[Opening RECORDED INFORMATION section]

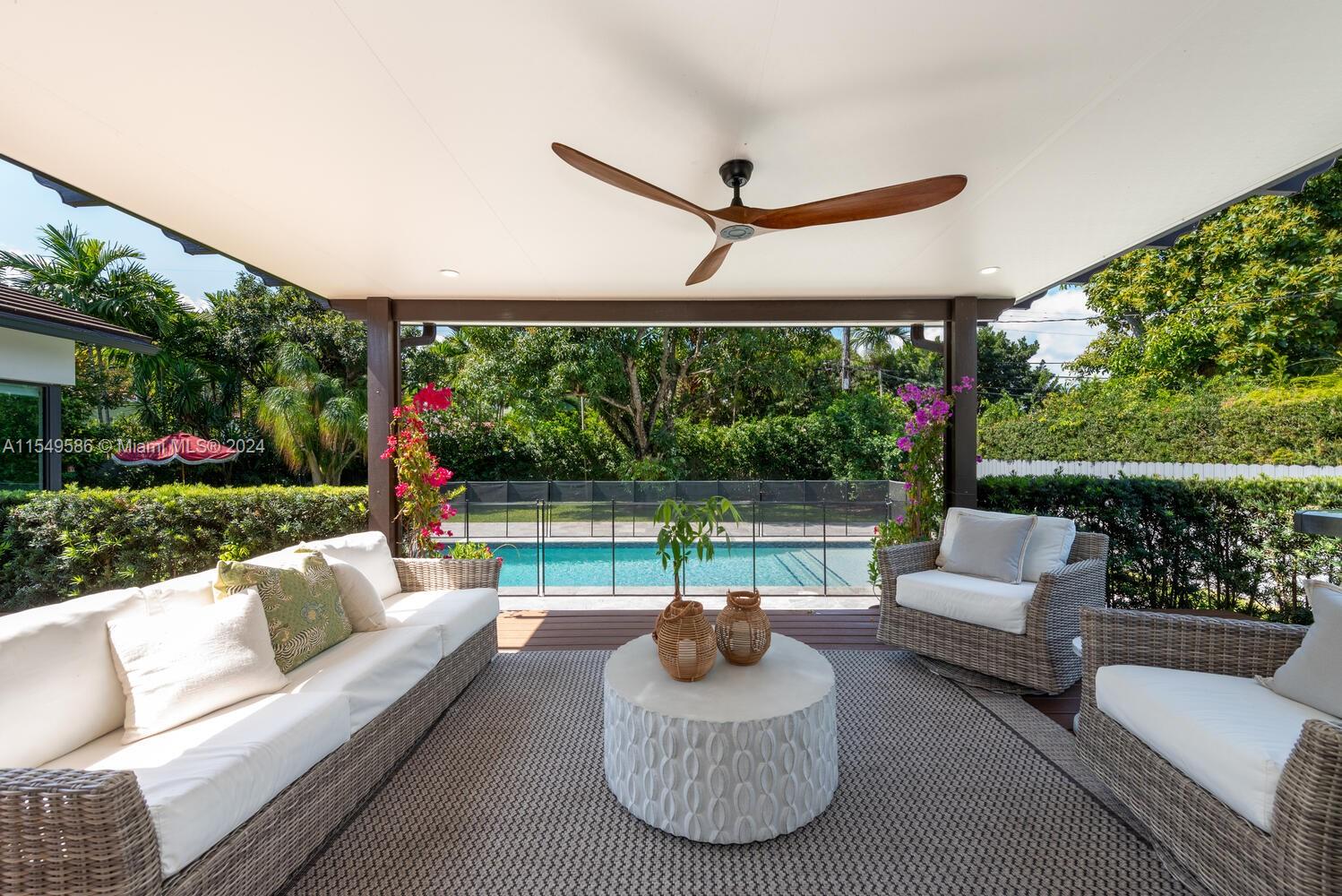 520 Southwest 27th Road Miami, FL 33129 - Photo 4 of 50 a view of a patio with couches chairs and a yard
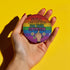 Round glossy pinback button measuring 2.25 inches with a bold rainbow pride flag background. Centered text reads “Still Not Asking For Your Opinion” in black, yellow, blue, and purple letters. Below the text is an illustrated hand with painted red nails giving the middle finger, surrounded by white daisies. The design is printed on tinplate with a scratch- and UV-resistant mylar coating. Button features a strong safety pin backing, perfect for bags, jackets, or pride outfits.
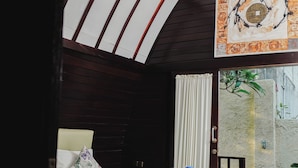 A room with a bed, a window, and a view of a garden. - Bellewood Villa (Gili Trawangan)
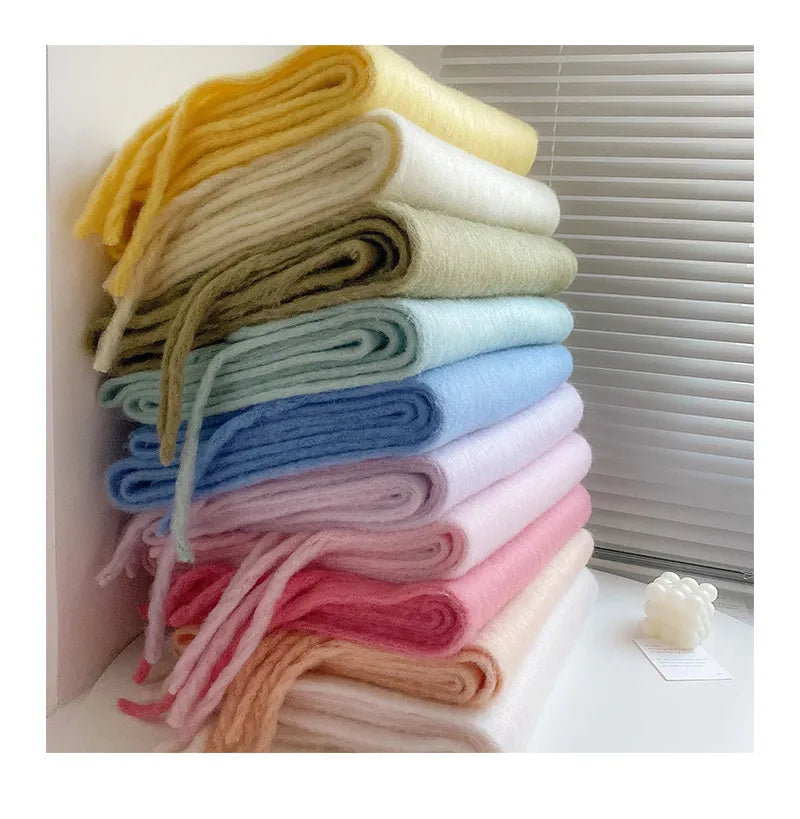 Elegant women's plain cashmere scarf, incredibly soft and warm, essential for winter fashion.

[Closing RECORDED INFORMATION section]

## ABOUT THIS TASK
Apart from the images, reproduce the listing exactly as it appears.

## WRITTEN RESPONSE
 520 Southwest 27th Road Miami, FL 33129 - Photo 4 of 50 a view of a patio with couches chairs and a yard
 Round glossy pinback button measuring 2.25 inches with a bold rainbow pride flag background. Centered text reads “Still Not Asking For Your Opinion” in black, yellow, blue, and purple letters. Below the text is an illustrated hand with painted red nails giving the middle finger, surrounded by white daisies. The design is printed on tinplate with a scratch- and UV-resistant mylar coating. Button features a strong safety pin backing, perfect for bags, jackets, or pride outfits.
 A room with a bed, a window, and a view of a garden. - Bellewood Villa (Gili Trawangan)
 Elegant women's plain cashmere scarf, incredibly soft and warm, essential for winter fashion.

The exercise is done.